First I noticed that the usual night time “Vacuum’s” that are needed to keep the PostgreSQL planar at it’s most efficient and indexes clean, was running right into the day time! It usually needed less than an hour for the 20GB database we currently have.

So after many failed attempts to get an online vacuum done. I stayed up really late, took the cluster down and did FULL vacuum. Full vacuum’s are slow, and you can’t run anything while they happen because they do full table locks, where as online vacuum’s do quick tuple/row level locks.

Anyway, database seemed speedier, but system was still sluggish. I have all data separated. Database files are on large RAID10 arrays with U320 SCSI drives spinning at 15K – split over TWO SCSI buses! Yeah tis fast. Big disks are used because it means relative to the size of the disk, more data is on the outer edge of the platters, that spin faster than the centre of the platters. I also keep PostgreSQL’s transaction log on a separate RAID1 array with 73GB 15K U320 drives as well with a 256MB battery backed cache.

Now database based operations were zippy again….the system while set by me to not rate a disk search at too high a cost due to the super speed disk IO that I have, still should get SOME data out of the cache and not run to the comparatively sloooow disks straight away. After doing this all was cool again database wise.

However operations that needed the data store to be accessed were still piss slow. So email ingestion, file usage, etc crawled. The data store which compliments the database data weighs in at about 250GB now. And this is on a single RAID1 array with 300GB U320 10K drives. I also remembered that over a 1000BaseT network to backup to a robotic tape library, the data store array (RAID1) maxes out at about 750MB a min. While the RAID10 with the database does it at 2700+MB a min.
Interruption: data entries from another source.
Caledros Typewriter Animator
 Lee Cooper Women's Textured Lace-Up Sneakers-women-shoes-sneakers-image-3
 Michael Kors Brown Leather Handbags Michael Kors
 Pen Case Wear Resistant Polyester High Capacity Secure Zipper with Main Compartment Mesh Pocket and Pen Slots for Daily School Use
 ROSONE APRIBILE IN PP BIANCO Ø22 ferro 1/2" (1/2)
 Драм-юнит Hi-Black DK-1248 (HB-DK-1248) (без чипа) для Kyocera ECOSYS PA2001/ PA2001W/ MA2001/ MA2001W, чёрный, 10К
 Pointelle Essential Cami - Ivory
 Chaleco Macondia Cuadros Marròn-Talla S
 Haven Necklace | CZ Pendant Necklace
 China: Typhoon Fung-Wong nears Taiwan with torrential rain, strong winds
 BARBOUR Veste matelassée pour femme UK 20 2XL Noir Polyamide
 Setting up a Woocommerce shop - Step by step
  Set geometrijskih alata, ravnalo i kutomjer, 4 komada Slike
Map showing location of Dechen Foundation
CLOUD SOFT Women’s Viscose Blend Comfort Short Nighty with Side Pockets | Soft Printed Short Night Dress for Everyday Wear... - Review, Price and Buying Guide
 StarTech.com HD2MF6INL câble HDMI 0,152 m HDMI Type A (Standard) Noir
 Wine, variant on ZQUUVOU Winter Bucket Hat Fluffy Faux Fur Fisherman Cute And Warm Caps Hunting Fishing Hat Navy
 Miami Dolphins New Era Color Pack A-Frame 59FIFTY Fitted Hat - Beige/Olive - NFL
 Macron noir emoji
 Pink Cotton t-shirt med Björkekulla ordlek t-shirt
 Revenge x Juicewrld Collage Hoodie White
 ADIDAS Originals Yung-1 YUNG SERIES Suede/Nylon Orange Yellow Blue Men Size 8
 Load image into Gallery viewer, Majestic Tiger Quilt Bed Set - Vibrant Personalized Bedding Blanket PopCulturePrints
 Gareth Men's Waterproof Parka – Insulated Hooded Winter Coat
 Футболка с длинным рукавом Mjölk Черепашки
So I thought, “lets add some more disks to the data store array”. I get more space, so relatively speaking more of the data is on the outside edges of all the platters (another topic for what one can do with LVM), the array has double the heads and spindles too – and some RAID0 goodness inside that RAID10 nested set.

Now Dell’s storage white paper from 2005 does state that a RAID1 to a RAID10 migration/raid level reconstruction is supported. RAID10 being two RAID1 arrays striped together in RAID0 (with the mirror part straddling 2 SCSI buses for speed and channel redundancy). However when I went into Open Manage after putting the drives in the chassis, expecting to be able to “reconstruct/migrate levels” to a RAID10, then pop into LVM, create some new data devices, add them to my Volume group and then expand my partition and then finally my file system – all while still being online……..I was greeted with only the option to reconstruct/migrate to RAID5 (Get ^*^*&^) or RAID0 (Uh, yeah, OK..).

So feeling quite annoyed now. I then went and made the two new drives into a new RAID1 set, thinking that I would then be able to add this to a final “nested” array with the current RAID1 set and make a RAID10 out of them. Well I thought it was working, but it wasn’t. All I managed to do was end up with my existing array being made into a RAID0 (heart attack!!) and the new array sitting there untouched. Also the Open Manage array management setup gave me no choice of stripe size. It defaulted to 64K. I prefer 128K to ensure the best chance of the records/tuples fitting into one whole stripe to maximise concurrency of head operations on different data records – and also because the PERC4 family of RAID cards does not suffer any penalty if a stripe size is too big for the data used – so why not eh?

So what am I doing now at 5:32 AM?

Rsyncing all data again to the hot standby server, will then power off the cluster, log in with the DRAC card, go into the BIOS of the RAID card and redo my friggin array from scratch, as RAID10 and 128K stripe and then boot up and copy my damn data back.

Not happy pappy. Not happy. I think it is SAN time…unless SAN’s can be this anal as well?

So what does this have to do with PostgreSQL upgrade? Well since the cluster is down anyway, I might as well go from 7.4 to 8.1. Get some of that auto vacuum goodness and lap up some of the apparent massive speed boosts in the 5 years of development between the two versions.